De différents côtés l'on affirme qu'il y a une « pulsion grégaire » particulière, innée et non susceptible d'être davantage réduite, qui détermine le comportement social des hommes et qui pousse les individus à se réunir en communautés plus ou moins grandes. La psychanalyse ne peut pas ne pas contredire cette affirmation. Aussi innée que puisse être la pulsion sociale, elle se laisse néanmoins ramener sans difficulté à des investissements d'objets libidinaux à l'origine, et se développe dans l'enfance de l'individu en tant que formation réactionnelle à des positions de rivalité de nature hostile. Elle repose sur une sorte particulière d'identification à l'autre.
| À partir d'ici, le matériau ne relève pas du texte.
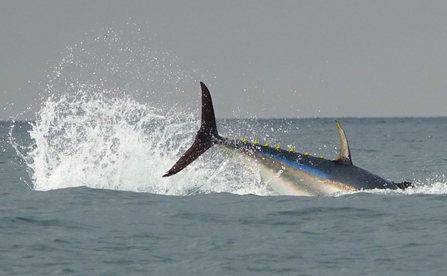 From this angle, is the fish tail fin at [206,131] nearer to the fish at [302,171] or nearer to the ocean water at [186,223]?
the fish at [302,171]

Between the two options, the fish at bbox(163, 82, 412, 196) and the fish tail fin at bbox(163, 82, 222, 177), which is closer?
the fish at bbox(163, 82, 412, 196)

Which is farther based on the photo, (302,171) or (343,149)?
(343,149)

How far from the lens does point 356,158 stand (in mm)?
35062

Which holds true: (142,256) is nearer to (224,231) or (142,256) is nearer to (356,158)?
(224,231)

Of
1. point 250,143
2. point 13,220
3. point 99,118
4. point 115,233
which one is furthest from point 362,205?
point 99,118

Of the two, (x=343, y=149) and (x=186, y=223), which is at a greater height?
(x=343, y=149)

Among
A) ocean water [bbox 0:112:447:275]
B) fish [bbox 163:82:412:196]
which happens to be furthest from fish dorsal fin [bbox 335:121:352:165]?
ocean water [bbox 0:112:447:275]

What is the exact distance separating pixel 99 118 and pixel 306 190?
6.56m

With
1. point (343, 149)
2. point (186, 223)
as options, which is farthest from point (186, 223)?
point (343, 149)

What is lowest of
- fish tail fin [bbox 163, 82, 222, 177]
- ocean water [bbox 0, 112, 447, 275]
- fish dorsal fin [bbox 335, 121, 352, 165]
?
ocean water [bbox 0, 112, 447, 275]

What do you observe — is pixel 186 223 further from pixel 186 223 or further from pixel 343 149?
pixel 343 149

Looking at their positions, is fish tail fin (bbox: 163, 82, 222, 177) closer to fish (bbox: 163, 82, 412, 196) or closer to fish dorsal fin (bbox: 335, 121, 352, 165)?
fish (bbox: 163, 82, 412, 196)

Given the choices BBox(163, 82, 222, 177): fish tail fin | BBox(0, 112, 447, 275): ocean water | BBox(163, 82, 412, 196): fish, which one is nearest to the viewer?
BBox(0, 112, 447, 275): ocean water

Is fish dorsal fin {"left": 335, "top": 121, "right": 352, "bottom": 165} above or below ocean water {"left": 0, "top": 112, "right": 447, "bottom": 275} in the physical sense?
above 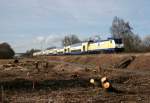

Tendances sexuelles inhibées quant au but

Les pulsions sociales appartiennent à une catégorie de motions pulsionnelles qui ne méritent pas encore d'être dites sublimées, même si elles en sont proches. Elles n'ont pas abandonné leurs buts directement sexuels, mais sont empêchées par des résistances internes d'y accéder, se contentent d'approcher en quelque sorte de la satisfaction, et instaurent justement pour cette raison des liens particulièrement solides et durables entre les hommes. De cette sorte sont en particulier les relations de tendresse à l'origine pleinement sexuelles entre parents et enfants, les sentiments d'amitié et les liens sentimentaux dans le mariage issus d'une inclination sexuelle.

Reconnaissance de deux sortes de pulsions dans la vie psychique

Alors que le travail psychanalytique tend habituellement à développer ses théories aussi indépendamment que possible de celles des autres sciences, il se voit malgré tout contraint, pour sa théorie des pulsions, de chercher appui auprès de la biologie. Sur la base d'amples considérations relatives aux processus qui constituent la vie et conduisent à la mort, il devient vraisemblable que l'on ait à reconnaître deux sortes de pulsions, correspondant aux processus antagonistes de construction et de destruction dans l'organisme. Les premières pulsions, qui au fond travaillent sans bruit, poursuivraient le but de conduire à la mort l'être vivant, mériteraient par là le nom de « pulsions de mort » et, tournées vers l'extérieur par l'interaction de nombreux organismes cellulaires élémentaires, se manifesteraient en tant que tendances de destruction ou d'agression. Les autres seraient les pulsions libidinales sexuelles ou de vie, mieux connues de nous par l'analyse, la meilleure acception les regroupant étant celle d'Éros, et leur dessein serait d'élaborer à partir de la substance vivante des unités de plus en plus grandes, et ainsi de conserver la vie dans sa permanence et de l'amener à de plus hauts développements. Dans les êtres vivants les pulsions érotiques et les pulsions de mort auraient effectué régulièrement des intrications, des alliages ; mais leurs désignations seraient également possibles ; la vie serait faite des manifestations du conflit ou de l'interférence des deux sortes de pulsions et elle apporterait à l'individu la victoire des pulsions de destruction par la mort, mais aussi la victoire de l'Éros par la reproduction.

La nature des pulsions

Il découle de cette conception que les pulsions auraient pour caractéristique d'être des tendances à la restauration d'un état antérieur, inhérentes à la substance vivante, d'être donc historiquement déterminées, de nature conservatrice, et d'être en quelque sorte l'expression d'une inertie ou d'une élasticité de l'organique. Les deux sortes de pulsions, aussi bien l'Éros que la pulsion de mort, seraient à l'œuvre dès la première émergence de la vie et travailleraient l'une contre l'autre.


3 Dans le poème de Schiller Die Weltweisen (Les sages du monde).